Wednesday, August 25, 2010

Cooking and Gender

Last week I had an experience that almost turned me into a vegetarian: I bought chicken from a butcher specializing in sustainable/organic meats...and it was the most expensive chicken I have ever purchased.  While the nice lady behind the counter told me the price and started packaging the bird in fancy paper touting all sorts of organic stamps and labels, I just stood there in a weird shocked silence, unable to take it all in, and then with my body on auto-pilot I paid.  The whole way home I just kept telling myself that it wasn't possible I just paid that much for a chicken and if this was the cost of buying "responsible" meat, we were going to have to 1) find second jobs, 2) stop caring about how livestock is treated, or 3) give up meat. None of those really feel like good options to me, and I haven't yet worked out what we're going to do about it, but in the meantime we won't be roasting any more chickens.

I found myself at the butcher in the first place, because we were having friends over for dinner (diehard meat eaters who wouldn't touch a vegetable with a ten-foot pole, or fish or cheese), and Niek wanted to work on his chicken roasting skills.  In the last few years, he's become something of a chicken roasting afficianado, and he'll most likely be working on perfecting his technique for the next few decades.

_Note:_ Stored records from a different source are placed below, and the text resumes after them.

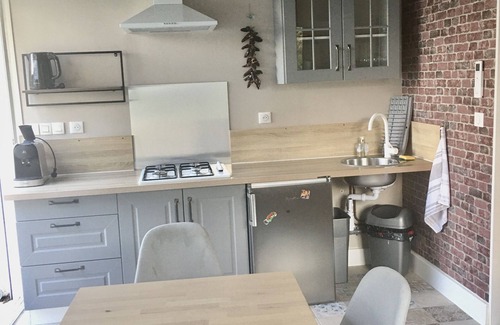 Saint-Pierre-de-Chignac Apartment | seasonal rental with swimming pool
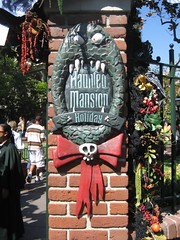 The Haunted Mansion Holiday placard. (09/30/07)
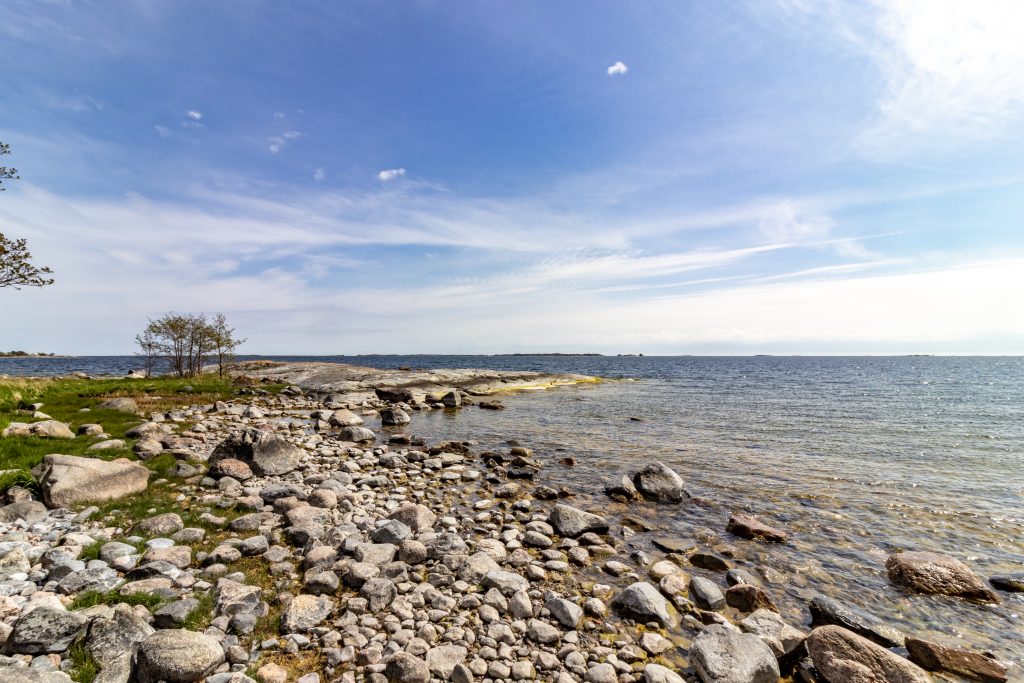 Kesäinen saaristokuva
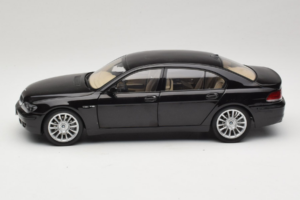 BMW 760Li E66 Individual Noir Kyosho 1:18 08573RB Métal — image 4 sur 8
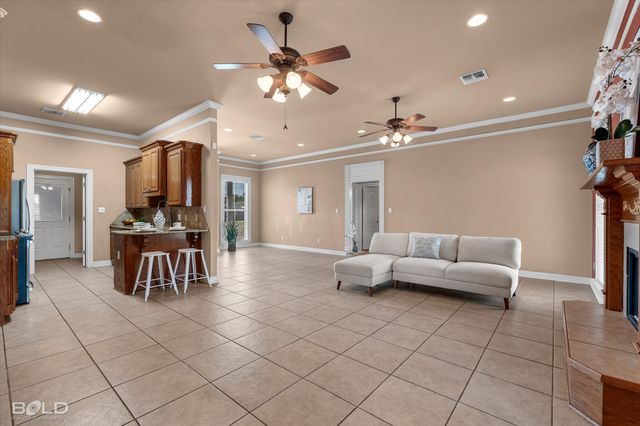 504 Brunswick Gardens, Haughton, LA 71037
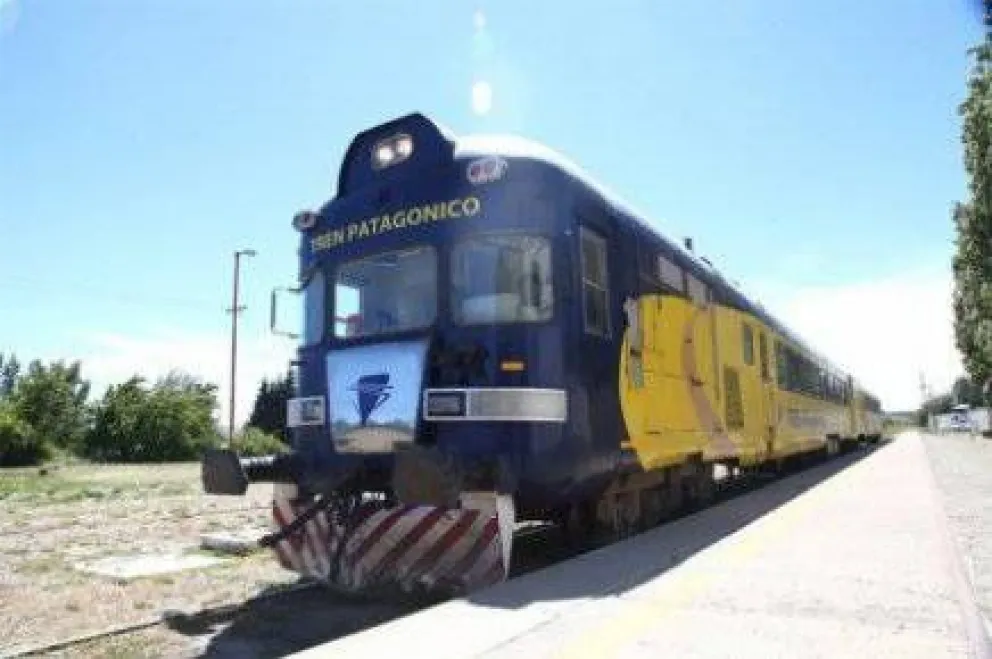 Solicitan que el Gobierno revea suspensión del Tren Patagónico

And this brings me to the actual point of the post, which is supposed to be about the gendering of cooking and my experiences in the Netherlands.  Growing up in the Heartland, I didn't see a lot of men using their skills in the kitchen.  I don't think I can say that any of my childhood friends' fathers cooked, and I don't remember my dad ever making us dinner (now that my dad is retired, he's taken on a lot more of the dinner making duties, so kudos to you, Dad).  Grilling on the barbeque doesn't count, since I would say it's seen as a pretty masculine activity.  There are plenty of discussions in our modern world about how home cooking is still perceived as women's work, and I really wanted to site this article, but my proxy server to the university's research library wasn't granting me access, although I found an amusing anecdote about gender and cooking here and a rather angry assessment of Michael Pollan's take on the matter here.  Interestingly enough, all of the partners of my friends know their way around a kitchen, and some of them even do the majority of the cooking in the relationship.  Regan should tell you about her husband's forays into bread, cheese, and beer making.  I'll refrain from using my guy friends as a representative slice of American culture since I dabble a little more in that crazy intellectual/academic world than most people.  But whoah, am I digressing a little bit?

This is really about gender and cooking in my home away from home.  Most of the home cooking I have experienced in the Netherlands has either been in my own household or in that of my in-laws where my mother-in-law wouldn't dream of preparing a meal and my father-in-law has been in charge of family dinners since my husband can remember.  It was early in our relationship that I learned that Niek's dad was the cook of their house, and I remember being a little shocked hear it.  It shouldn't really have come as a surprise to me considering that Niek cooked dinner for us on our second date and cooks about half of the time now.  Maybe if both of us didn't work it would be different, but since we both find ourselves busy with work and we both actually enjoy cooking, we are able to maintain a fairly even split.  I love that I find myself in a family that supports everyone's interests and skills and doesn't really seem to divide household responsibilities among any sort of gendered guidelines.  Are there swaths of Dutch culture that see women as being responsible for cooking simply because they're women?  Absolutely.  Is it a hard an fast rule everyone ascribes to?  No, and I am quite happy for that. 
Niek's chicken and roast potatoes were a rousing success the other night, even if he didn't think the skin was crispy enough.  Cooks are usually their own worst critics, which I know from personal experience.  It just gives him another reason to try again the next time we have a few friends to dinner, although we may have to wait at least a few weeks.  I'm  going to have to brace myself for the cost of buying another organic bird.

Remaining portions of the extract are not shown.